Yeah Reena, this was a very, uh, powerful discussion. And, uh, um I certainly, um, uh, took, I’m certainly going to learn how to you know be more courageous, um, by being more vulnerable. And, and, and, I hope all of our caregivers who are listening today also feel empowered to, to, feel more vulnerable.

I, I, do want to mention a couple of things before we end. Aside from this webinar being available on our website two weeks, um, from today, we also have a, um, support line, um, that is in, uh, partnership with CancerCare and staffed by oncology social workers. And that’s a resource for all of our caregivers. If you just need someone to, to, listen, someone to talk to, someone to walk you through different resources in your own community, that is available to you for free. The, the information is in the chat. We also have, uh, um, as part of our peer-to-peer program Survivor 2 Survivor, we have a, a, network of caregivers who are available to, to, um, walk and, and, talk to you through their journey. If you need to talk to someone, um, as well, we can, we can, make a match. And the information on that program is there too.
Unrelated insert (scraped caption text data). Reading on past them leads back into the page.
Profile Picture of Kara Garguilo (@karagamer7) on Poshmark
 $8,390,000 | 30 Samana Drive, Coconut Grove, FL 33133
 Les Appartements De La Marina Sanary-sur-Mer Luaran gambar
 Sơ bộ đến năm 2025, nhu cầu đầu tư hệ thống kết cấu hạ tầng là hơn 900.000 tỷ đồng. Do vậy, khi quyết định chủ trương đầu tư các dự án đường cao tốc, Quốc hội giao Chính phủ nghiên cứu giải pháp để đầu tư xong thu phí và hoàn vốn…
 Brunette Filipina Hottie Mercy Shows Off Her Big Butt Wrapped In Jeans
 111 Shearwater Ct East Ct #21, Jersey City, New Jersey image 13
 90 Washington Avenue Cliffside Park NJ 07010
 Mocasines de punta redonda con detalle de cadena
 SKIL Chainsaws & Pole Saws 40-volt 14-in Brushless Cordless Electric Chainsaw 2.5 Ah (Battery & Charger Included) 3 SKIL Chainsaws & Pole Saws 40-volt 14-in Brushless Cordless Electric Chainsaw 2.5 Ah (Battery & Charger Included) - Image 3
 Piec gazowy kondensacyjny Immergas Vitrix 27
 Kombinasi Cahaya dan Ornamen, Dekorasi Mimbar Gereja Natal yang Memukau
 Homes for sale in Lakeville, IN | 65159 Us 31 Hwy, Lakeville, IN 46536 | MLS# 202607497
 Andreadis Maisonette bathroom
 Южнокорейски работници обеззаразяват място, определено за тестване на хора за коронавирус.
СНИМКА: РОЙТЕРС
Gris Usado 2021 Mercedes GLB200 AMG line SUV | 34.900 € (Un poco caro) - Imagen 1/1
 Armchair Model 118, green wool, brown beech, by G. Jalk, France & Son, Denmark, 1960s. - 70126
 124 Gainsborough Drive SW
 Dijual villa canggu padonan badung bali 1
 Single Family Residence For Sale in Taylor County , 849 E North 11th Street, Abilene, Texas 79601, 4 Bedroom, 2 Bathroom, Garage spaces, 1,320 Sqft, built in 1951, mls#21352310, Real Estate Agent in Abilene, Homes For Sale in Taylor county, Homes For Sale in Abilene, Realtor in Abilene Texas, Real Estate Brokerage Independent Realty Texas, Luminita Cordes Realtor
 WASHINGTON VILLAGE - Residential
If you’d like to volunteer and, and help and we be matched with another caregiver, um, as part of that program, that is also an option and we invite and encourage you to do that. And with that, I want to really thank, um, uh, Reena for, for, bringing this, this, conversation to, uh, us this evening, um, giving us some very, um, practical and powerful messages, um, and help, and help giving us opportunity to reflect and um, also empowering us to, to, uh, to, take care of ourselves, uh, and to be courageous by being vulnerable, uh, and, uh to, to, um, say that we are here for you and we’ll be reaching out to, to, um, to, tell you that we’re here and see how we can help you. So, with that, Reena, thank you so much.